The I Ching Pack
Deck and Book Set by Anthony Clark and Richard Gill

The artwork on this set is very well done and I had seen it in a catalog a long time ago and wanted it even back then.  I will not pretend I know anything about I Ching, however, and I thought I could learn it easily enough from the set.  This is a lot harder than it sounds.  The book that is enclosed with the set is a very nice little one with a good deal of information presented in a short piece of literature, but it makes no claims to being a complete guide to the I Ching.

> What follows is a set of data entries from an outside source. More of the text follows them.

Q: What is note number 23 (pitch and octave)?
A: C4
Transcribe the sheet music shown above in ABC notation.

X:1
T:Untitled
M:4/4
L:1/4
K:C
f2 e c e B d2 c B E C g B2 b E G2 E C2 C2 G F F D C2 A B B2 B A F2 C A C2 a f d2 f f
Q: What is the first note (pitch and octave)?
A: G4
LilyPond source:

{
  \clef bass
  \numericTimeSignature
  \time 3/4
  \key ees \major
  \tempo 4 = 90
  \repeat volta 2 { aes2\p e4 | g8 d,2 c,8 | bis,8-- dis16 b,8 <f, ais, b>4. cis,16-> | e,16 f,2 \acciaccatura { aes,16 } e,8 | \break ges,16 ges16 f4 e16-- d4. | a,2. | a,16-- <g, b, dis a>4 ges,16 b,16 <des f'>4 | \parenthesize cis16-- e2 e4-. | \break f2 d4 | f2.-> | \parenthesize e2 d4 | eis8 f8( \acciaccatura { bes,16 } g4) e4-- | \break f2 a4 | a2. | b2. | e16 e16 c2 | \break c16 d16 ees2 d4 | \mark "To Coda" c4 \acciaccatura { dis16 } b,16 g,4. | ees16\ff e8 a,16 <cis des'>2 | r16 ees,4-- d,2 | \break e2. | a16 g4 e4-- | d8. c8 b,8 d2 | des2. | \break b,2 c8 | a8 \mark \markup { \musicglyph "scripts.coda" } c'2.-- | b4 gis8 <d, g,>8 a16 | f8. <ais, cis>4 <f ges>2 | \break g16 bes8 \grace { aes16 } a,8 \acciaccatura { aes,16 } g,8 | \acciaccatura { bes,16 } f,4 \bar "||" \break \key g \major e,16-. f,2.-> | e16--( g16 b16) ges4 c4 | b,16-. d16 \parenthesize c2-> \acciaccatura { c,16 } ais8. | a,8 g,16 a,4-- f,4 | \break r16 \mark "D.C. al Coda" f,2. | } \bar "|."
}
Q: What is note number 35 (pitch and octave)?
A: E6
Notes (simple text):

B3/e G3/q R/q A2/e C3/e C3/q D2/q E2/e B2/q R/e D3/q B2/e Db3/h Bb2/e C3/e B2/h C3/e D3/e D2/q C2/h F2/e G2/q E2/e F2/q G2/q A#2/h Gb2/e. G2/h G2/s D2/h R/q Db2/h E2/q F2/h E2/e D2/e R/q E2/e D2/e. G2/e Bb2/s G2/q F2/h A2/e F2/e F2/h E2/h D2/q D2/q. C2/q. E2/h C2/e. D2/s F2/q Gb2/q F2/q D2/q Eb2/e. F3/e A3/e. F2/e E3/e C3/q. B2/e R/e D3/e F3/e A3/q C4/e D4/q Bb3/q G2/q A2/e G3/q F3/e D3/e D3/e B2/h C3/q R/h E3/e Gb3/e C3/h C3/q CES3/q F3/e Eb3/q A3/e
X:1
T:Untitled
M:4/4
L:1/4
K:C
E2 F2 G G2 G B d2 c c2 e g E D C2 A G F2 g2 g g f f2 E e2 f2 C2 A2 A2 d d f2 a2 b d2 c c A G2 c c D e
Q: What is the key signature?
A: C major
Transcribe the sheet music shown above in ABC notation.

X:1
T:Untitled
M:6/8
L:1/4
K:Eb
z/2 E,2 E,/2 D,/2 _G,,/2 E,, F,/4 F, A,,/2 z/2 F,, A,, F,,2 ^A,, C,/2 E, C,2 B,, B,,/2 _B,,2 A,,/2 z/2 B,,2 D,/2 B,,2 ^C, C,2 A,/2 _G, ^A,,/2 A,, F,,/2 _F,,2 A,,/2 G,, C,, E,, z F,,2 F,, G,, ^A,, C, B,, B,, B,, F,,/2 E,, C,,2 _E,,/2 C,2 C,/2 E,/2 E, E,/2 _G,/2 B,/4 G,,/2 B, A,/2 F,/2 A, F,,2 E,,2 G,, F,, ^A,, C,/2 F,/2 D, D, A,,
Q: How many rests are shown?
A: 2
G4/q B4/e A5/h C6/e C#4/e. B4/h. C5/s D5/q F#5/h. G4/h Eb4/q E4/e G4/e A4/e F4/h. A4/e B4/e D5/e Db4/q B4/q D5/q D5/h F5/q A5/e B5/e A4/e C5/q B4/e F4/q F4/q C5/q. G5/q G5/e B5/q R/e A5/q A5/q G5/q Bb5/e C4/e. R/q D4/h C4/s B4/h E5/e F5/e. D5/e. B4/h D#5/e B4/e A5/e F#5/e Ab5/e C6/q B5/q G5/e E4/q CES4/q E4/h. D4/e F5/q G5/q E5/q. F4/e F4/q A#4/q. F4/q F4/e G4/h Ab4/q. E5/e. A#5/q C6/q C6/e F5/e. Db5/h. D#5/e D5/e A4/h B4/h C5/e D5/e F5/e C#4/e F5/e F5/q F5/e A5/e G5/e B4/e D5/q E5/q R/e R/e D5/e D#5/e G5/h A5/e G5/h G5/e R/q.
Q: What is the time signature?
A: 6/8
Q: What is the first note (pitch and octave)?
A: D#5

In fact, the entire basis of the set is that it is an abbreviated and supposedly easier system to working with the I Ching.  I'm not sure that in this case a shortcut is a good idea.  I would say that someone with at least an elementary foundation in the I Ching would get more from this deck than say, a beginnner, like me.

There are no Major or Minor Arcana being that this is not a tarot deck.  There are, separate from the rest of the cards in the deck, a set of eight trigram cards.  The Little Book explains how the trigrams are made, each is a combination of yin and yang characteristics.  It is like an ancient Chinese binary code system.  I never could learn how to use binary code.

The cards in the rest of the deck (there are 64) show a fully illustrated picture from typical Chinese life.  It is hard to tell what period of Chinese life is depicted.  I believe this may have been done on purpose to give a more universal feel to the deck.  On the face of each card is a white circle with the appropriate hexagram on it.  There are also small white rectangles with Chinese characters on them; these are never explained, as it explicitly states in the book that there are no other characters or identifying marks on the cards.  There is no numbering or titling system in place.  You have to match each card up to the picture in the book in order to find out what page to read about it on.

Coming from a tarot perspective, I do have to say that a real lot of these cards are intuitive enough that you can glean their meaning from looking at them, without even looking in the book once.  I suspect one could use the deck to some purpose this way, without learning the I Ching, although purists will say that is not possible.

Personally I would recommend this deck for people who already have a foundation in the I Ching and who aren't necessarily just starting out with it.  The art is good enough that it will make a nice addition to a collection as well.